5 year Crime Forecasts are calculated similarly. Like with the current year data, crime rates are based on FBI Uniform Crime Report statistics combined with US Census characteristics, but these data are based on 5-year projected demographic data. These estimates are scaled, balanced and normalized similar to the current year data before being converted to indexes relative to the projected national averages.
When looking at the raw crime metrics, we found the distributions to be very asymmetrical, skewed highly towards lower crime rates, with a very large range. The image below shows the distribution of raw data for the murder crime metric (the normal curve appears in orange).
It is difficult to visualize and interpret this type of distribution. For example, there could appear to be very low variability of crime in a particular location, when that is actually not the case.
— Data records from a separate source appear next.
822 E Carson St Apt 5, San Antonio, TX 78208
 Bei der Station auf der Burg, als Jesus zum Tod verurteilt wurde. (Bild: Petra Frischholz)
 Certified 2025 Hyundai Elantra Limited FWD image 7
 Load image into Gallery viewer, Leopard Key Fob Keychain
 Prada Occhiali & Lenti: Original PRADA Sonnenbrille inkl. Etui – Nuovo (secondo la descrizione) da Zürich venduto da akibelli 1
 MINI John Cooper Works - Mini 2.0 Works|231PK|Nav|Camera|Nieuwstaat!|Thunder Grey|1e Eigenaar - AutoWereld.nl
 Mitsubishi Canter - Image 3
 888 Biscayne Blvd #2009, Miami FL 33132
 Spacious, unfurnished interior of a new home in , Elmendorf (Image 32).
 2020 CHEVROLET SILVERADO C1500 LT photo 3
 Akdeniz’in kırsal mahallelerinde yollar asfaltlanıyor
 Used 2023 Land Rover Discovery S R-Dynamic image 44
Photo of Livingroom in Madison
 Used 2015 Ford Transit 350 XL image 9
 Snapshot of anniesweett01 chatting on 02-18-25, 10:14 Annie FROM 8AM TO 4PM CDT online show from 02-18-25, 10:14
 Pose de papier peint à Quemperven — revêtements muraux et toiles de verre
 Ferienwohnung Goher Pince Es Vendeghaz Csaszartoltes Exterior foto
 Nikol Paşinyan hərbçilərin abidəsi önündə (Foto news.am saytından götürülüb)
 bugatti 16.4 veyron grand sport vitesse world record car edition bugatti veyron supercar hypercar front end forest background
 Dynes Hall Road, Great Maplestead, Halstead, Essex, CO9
To convert raw metrics to the crime scores displayed throughout the application, we first had to transform the data to a scale that better honored and stabilized the variability of the data. This was done in part, by using a log-transformation. The validity of this approach can be confirmed by observing that the raw data is log-normally distributed – i.e. a log-transformation results in a normal distribution.
For a given location and crime type, individual metrics are scored on a base-2 logarithmic scale from 1 to 10, with scores being relative to the national average for that metric. Similar to the Richter scale, increases or decreases are multiplicative, not linear. In this case, a 1-point increase equates to a doubling of crime.
The scale is shifted such that the lower and upper bounds make sense for the range of available data. Major thresholds on the scale are defined as follows:
Score | Meaning |
---|---|
1 | 1/8 x NA (National Average) |
2 | 1/4 x NA |
3 | 1/2 x NA |
4 | 1 x NA |
5 | 2 x NA |
6 | 4 x NA |
7 | 8 x NA |
8 | 16 x NA |
9* | 32 x NA |
There are two categories of crime displayed in the application – personal crime and property crime.
Personal crime consists of the following crime types:
Property crime consists of:
Once crime scores are calculated for each crime type, the scores are aggregated based on customizable weightings to produce an overall score for each category. By default, each crime type received equal weighting, however crime category weights can be modified from within the application's settings, and crime scores will dynamically update accordingly.
As mentioned earlier, crime data applies to a US Census block group, which are statistical divisions of census tracts made up of one or more census blocks. Although these divisions are necessary when reporting crime statistics and demographics, their borders are somewhat artificial in practice.
Rather than adhere strictly to the census divisions, we use a hybrid (yet dynamic) nearest-neighbor and Voronoi gridding algorithm, which compares a user's location to the nearest center of population within a block group, and interpolates data accordingly (with the assumption that within a given area, the majority of crime will take place at the center of population, rather than the geographic center). As a result, the application has full data coverage for all US locations.
All calculations and mapping take place in real-time.